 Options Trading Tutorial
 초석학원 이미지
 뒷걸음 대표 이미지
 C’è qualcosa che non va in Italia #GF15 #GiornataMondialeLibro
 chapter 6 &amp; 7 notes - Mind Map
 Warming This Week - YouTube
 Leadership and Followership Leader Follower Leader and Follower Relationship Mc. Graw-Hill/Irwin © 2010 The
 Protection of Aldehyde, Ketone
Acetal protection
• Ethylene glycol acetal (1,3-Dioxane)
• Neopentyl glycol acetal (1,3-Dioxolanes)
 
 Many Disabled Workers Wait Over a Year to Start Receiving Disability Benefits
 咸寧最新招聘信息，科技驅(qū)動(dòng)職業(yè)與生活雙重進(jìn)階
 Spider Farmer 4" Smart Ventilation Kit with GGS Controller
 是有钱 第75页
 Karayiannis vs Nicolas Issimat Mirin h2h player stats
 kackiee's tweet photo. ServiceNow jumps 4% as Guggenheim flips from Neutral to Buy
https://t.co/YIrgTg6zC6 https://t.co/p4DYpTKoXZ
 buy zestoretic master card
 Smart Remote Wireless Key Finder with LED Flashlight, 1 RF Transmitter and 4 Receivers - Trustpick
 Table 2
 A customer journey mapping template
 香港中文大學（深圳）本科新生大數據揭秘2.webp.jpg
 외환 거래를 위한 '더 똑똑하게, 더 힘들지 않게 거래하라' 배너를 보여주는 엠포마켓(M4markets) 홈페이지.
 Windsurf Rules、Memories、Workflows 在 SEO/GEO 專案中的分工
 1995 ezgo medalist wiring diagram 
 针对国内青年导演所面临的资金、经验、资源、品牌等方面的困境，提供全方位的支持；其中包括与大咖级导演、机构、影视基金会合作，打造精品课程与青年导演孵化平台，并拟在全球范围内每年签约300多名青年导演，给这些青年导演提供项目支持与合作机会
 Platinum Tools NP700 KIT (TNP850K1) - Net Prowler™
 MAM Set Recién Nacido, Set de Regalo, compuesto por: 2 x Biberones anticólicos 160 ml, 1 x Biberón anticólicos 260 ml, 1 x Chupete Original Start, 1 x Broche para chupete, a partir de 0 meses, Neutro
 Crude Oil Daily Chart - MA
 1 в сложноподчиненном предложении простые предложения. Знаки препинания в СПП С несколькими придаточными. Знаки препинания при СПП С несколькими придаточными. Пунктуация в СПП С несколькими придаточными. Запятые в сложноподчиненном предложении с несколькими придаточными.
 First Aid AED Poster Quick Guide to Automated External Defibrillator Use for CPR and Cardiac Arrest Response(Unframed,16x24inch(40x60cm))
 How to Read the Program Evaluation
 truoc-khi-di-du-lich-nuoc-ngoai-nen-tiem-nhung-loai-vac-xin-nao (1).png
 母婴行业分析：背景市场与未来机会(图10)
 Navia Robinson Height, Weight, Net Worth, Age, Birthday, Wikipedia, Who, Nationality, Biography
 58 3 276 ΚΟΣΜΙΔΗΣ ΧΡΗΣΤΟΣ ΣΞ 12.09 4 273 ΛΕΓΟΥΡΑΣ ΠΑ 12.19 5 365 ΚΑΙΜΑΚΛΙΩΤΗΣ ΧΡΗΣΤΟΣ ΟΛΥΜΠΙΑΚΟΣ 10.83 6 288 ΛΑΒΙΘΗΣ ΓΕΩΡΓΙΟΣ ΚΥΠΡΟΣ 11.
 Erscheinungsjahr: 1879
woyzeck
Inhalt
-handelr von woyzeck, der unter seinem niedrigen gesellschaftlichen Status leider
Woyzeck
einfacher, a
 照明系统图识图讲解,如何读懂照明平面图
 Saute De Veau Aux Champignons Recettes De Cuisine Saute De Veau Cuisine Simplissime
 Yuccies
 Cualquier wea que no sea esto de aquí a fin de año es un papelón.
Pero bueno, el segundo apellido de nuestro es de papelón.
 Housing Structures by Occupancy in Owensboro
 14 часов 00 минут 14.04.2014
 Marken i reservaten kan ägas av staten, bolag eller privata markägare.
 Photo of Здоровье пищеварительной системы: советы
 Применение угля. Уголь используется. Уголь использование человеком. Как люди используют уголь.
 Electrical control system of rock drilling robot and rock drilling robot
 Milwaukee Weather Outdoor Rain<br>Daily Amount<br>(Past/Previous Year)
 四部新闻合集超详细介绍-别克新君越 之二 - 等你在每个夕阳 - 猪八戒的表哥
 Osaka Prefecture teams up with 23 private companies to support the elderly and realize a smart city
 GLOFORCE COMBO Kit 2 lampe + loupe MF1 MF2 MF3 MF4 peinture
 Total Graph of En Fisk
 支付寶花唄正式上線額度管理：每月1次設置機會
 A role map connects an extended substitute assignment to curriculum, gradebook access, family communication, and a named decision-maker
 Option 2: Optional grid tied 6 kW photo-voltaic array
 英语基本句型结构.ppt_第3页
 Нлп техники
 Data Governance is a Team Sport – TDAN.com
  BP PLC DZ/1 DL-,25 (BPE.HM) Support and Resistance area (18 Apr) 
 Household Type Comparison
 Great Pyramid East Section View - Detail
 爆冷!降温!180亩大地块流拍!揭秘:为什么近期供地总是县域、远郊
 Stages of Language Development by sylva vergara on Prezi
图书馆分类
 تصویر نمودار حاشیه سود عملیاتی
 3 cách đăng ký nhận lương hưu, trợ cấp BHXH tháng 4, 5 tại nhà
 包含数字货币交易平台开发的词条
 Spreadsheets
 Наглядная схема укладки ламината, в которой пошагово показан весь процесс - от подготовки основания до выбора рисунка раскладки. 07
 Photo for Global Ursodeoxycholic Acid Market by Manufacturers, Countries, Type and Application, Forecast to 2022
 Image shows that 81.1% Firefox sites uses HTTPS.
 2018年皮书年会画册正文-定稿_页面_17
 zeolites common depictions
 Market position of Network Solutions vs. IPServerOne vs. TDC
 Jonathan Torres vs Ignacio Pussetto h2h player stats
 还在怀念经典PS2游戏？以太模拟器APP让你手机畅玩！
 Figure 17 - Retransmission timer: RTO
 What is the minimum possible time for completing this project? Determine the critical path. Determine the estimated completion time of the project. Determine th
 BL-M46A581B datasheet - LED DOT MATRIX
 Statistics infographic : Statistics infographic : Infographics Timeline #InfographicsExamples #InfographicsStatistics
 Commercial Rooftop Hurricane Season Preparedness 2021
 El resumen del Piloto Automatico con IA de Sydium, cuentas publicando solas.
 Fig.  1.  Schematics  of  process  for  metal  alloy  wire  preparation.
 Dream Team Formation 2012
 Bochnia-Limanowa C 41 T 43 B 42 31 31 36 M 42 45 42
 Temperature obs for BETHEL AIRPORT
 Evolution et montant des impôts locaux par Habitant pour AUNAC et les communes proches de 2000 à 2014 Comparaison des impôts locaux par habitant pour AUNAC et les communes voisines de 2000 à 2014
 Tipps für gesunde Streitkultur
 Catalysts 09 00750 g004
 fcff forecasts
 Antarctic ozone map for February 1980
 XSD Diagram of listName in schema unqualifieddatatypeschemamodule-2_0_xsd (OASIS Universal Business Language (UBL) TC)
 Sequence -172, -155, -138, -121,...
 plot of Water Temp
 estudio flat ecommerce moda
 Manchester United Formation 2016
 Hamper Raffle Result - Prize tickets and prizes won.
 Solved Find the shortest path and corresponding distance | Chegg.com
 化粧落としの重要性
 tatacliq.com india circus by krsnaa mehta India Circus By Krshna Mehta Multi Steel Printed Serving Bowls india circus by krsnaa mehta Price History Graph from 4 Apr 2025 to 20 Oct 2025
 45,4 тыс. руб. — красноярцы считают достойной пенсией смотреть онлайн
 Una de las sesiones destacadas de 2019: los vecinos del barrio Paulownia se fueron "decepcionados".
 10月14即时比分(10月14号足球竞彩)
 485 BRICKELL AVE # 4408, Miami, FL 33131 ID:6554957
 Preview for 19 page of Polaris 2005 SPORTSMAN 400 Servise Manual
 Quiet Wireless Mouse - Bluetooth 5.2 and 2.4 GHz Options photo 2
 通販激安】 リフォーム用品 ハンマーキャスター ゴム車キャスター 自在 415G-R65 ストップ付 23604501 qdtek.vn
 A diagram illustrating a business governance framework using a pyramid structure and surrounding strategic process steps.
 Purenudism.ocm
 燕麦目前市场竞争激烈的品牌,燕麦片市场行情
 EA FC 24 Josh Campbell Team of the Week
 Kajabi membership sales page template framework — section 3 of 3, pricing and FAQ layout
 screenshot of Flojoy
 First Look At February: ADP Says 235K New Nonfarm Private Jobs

┄┄┄┄┄┄┄┄┄┄

Exercise description:
The word "Start" is the filter: copy every line of the listing above that contains it.

Completed task:
 Many Disabled Workers Wait Over a Year to Start Receiving Disability Benefits
 MAM Set Recién Nacido, Set de Regalo, compuesto por: 2 x Biberones anticólicos 160 ml, 1 x Biberón anticólicos 260 ml, 1 x Chupete Original Start, 1 x Broche para chupete, a partir de 0 meses, Neutro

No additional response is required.